EMC2 allows for both hierarchical and non-hierarchical estimation. Given the desirable statistical and estimation properties of hierarchical models, we normally recommend to use hierarchical models. However, given that estimating hundreds of models is quite time consuming and practically unfeasible without a computational server, we recommend running SBC on non-hierarchical models for typical applications. Here we use the LBA and DDM to illustrate non-hierarchical SBC. Later we’ll also perform hierarchical SBC for the LBA, DDM, RDM and LNR. First we clear our workspace and load EMC2
rm(list = ls())
library(EMC2)
Before we start with the SBC, we want to give a quick note on data compression. By default EMC2 compresses RTs to bins of 20ms, since typical lab set-ups do not allow response times to be measured with a higher resolution. However, generated data is not subject to the same physical constraints. Therefore, and to avoid biases, compression is turned off. To turn on compression regardless, you can set compression = TRUE
, and set the resolution using rt_resolution = 0.02
(for example) in the run_sbc
function, which will speed up computation but potentially introduces biases.
To run SBC we specify a design and a prior for the model. EMC2 assumes normal priors on the parameters for non-hierarchical models. Thus, some parameters are transformed to better match the normal prior and to satisfy the assumption of the normal distribution to have full support on the real line. To check the parameter transformations we use ?LBA
.
matchfun <- function(d) d$S == d$lR
design_LBA <- design(factors=list(subjects=1,S=c("left", "right")),
Rlevels = c("left", "right"),
matchfun = matchfun,
formula =list(v~lM,B~1, t0~1, sv~1, A~1),
constants=c(sv=log(1)),
model = LBA)
prior_LBA <- prior(design_LBA, type = "single",
pmean = c(1.3, .7, log(.8), log(.2), log(.3)),
psd = c(.2, .1, .1, .05, .05))
Now we plot the prior, with map = TRUE
(the default) to see the implied prior on the transformed parameters.

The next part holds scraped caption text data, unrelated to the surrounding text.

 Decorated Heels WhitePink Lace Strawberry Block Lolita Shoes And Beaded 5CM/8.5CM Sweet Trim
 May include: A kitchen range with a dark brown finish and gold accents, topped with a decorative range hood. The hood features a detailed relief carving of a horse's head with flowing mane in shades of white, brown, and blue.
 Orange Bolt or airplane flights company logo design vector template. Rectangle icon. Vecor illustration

plot_prior(prior_LBA, design_LBA)
Next we can simply call run_sbc
with our specified design and prior. We can use ?run_sbc
to see the description of the function arguments. The trials argument refers to the number of trials per cell. Since we have an 2-level S factor in our design (and all other designs used), we will thus simulate 200 trials per data set. Also note that by default run_sbc will estimate till the point-scale reduction factor is smaller than 1.1 and the minimum effective sample size of any of the estimated parameters is larger than 100.
SBC_LBA_single <- run_sbc(design_LBA, prior_LBA, replicates = 500, trials = 100, plot_data = FALSE,
iter = 1000, n_post = 1000, fileName = "SBC_data/SBC_LBA_single.RData",
cores_per_chain = 30)
In non-hierarchical models, setting cores_per_chain = 30
will estimate 30 simulated data-sets simultaneously. Which is feasible on the computational server we used. But given that the LBA is so quick to compute, non-hierarchical SBC is also feasible on a personal computer. It is recommended to specify fileName
to store intermediary results in case of crashes.

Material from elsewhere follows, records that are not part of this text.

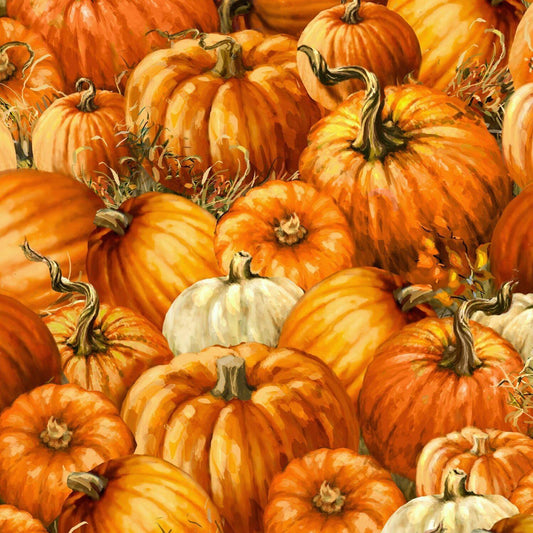 Harvest Packed Pumpkinins Autumn Timeless Treasures Cotton Fabric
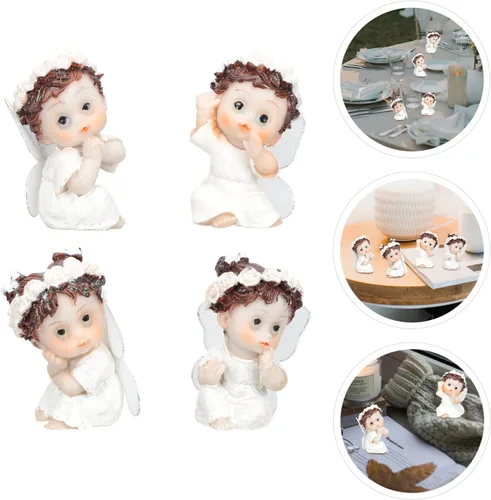 Vista 4 de ABOOFAN 4 piezas de mini estatuas de ángel de resina, ángeles de la guarda, ángeles de jardín, escultura, colección de ángeles, estatuas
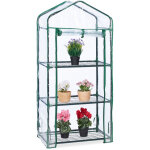 Serre de balcon, b�che en pvc, 3 etag�res, h x l x p : env. 128 x 60 x 40 cm, vert et transparent - relaxdays ...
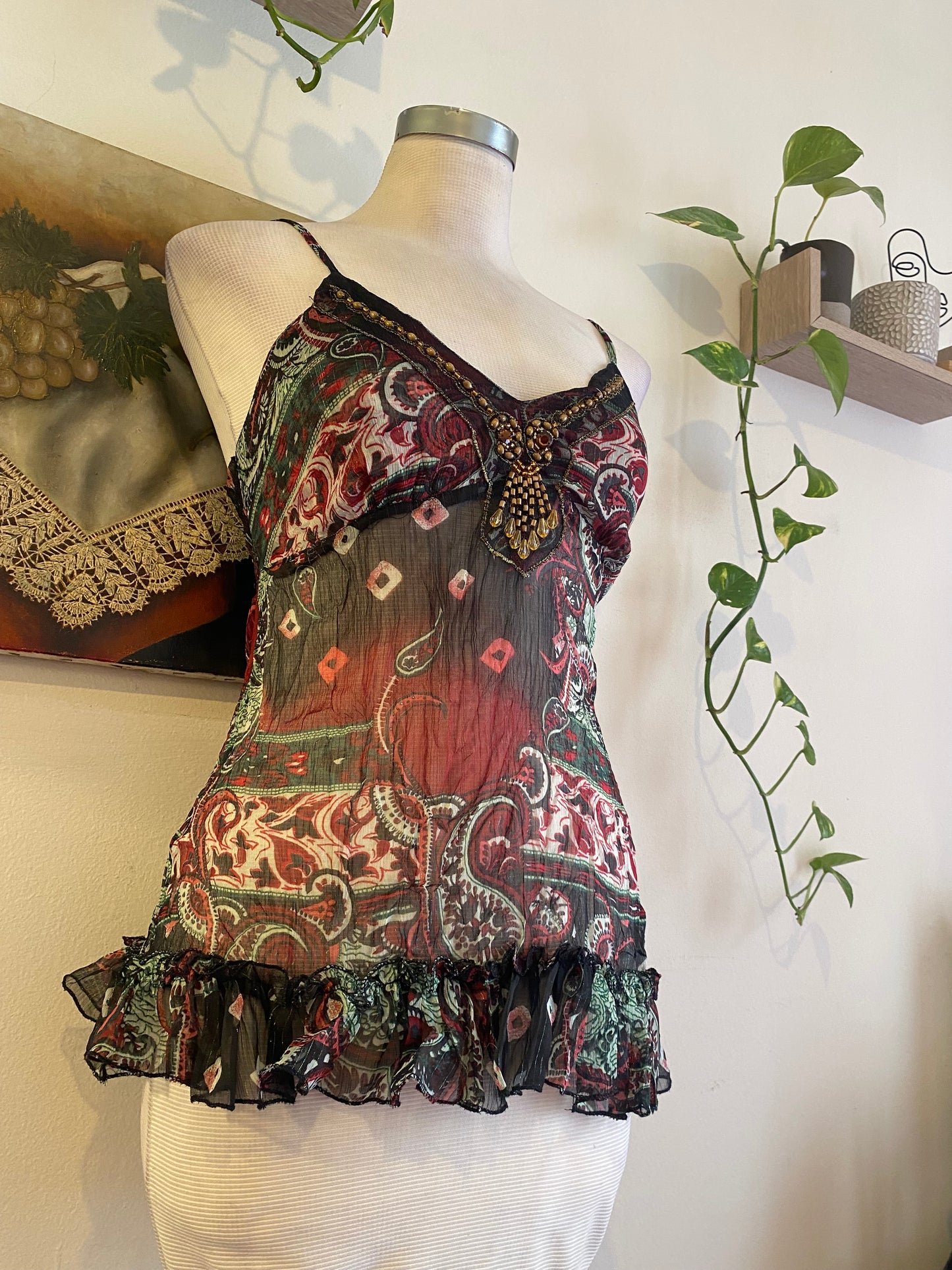 Silk based brand new beaded top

EMC2 also comes with plotting functions that allow us to visualize the results. First we can plot the standard histograms, with a number of equally spaced bins between 0 and 1 of the normalized rank statistic.
plot_sbc_hist(SBC_LBA_single, bins = 10)
Here the gray lines indicate the 2.5, 50 and 97.5% percentile of where n samples from a uniform distribution are expected to fall. As we can see most of the bins are are nicely within these bounds and no clear pattern emerges. However, this visualization very much depends on bin size, as pointed out by Talts et al. (2018). Therefore EMC also comes with plots that visualize the difference in the empirical cumulative density function (ecdf) and the cumulative density function of a uniform distribution.
plot_sbc_ecdf(SBC_LBA_single)
In these dinosaur eggs the blue area visualizes the 95% area of expected cumulative values. As with real eggs, the observed line, (i.e. the cracks) should obviously lie somewhere on the egg. For an explanation and guide to interpretation to these plots we recommend the following article https://hyunjimoon.github.io/SBC/articles/rank_visualizations.html. In the remainder of this article we’ll use these plots to visualize SBC results.
Next we test non-hierarchical for the DDM as well. Initial results actually showed bias in the estimation of non-decision time and non-decision time variability. Whereas we first based our DDM implementation on the rtdists package (Singmann et al. 2022), the bias pushed us to test with alternative packages, after which we stumbled on the WienR package (Hartmann and Klauer 2023). Which not only boasts faster likelihood evaluations, but also no longer shows bias in the SBC results. Hence in the newest CRAN release we adapted our C++ code to instead use the WienR C++ routines.
For the SBC itself we used the following prior and design settings, again being mindful of the required transformations.
#?DDM
design_DDM <- design(factors=list(subjects=1,S=c("left", "right")),
Rlevels = c("left", "right"),
formula =list(v~1,a~1, t0~1, s~1, Z~1, sv~1, SZ~1, st0 ~ 1),
constants=c(s=log(1)),
model = DDM)
prior_DDM <- prior(design_DDM, type = "single",
pmean = c(1, log(.8), log(.3), qnorm(.5), log(.1), qnorm(.05), log(.05)),
psd = c(.15, .15, .1, .05, .15, .15, .15))
SBC_DDM_single <- run_sbc(design_DDM, prior_DDM, replicates = 500, trials = 100,
fileName = "SBC_data/SBC_DDM_single.RData", cores_per_chain = 30)
Next we plot the ECDF difference plot again.
plot_sbc_ecdf(SBC_DDM_single)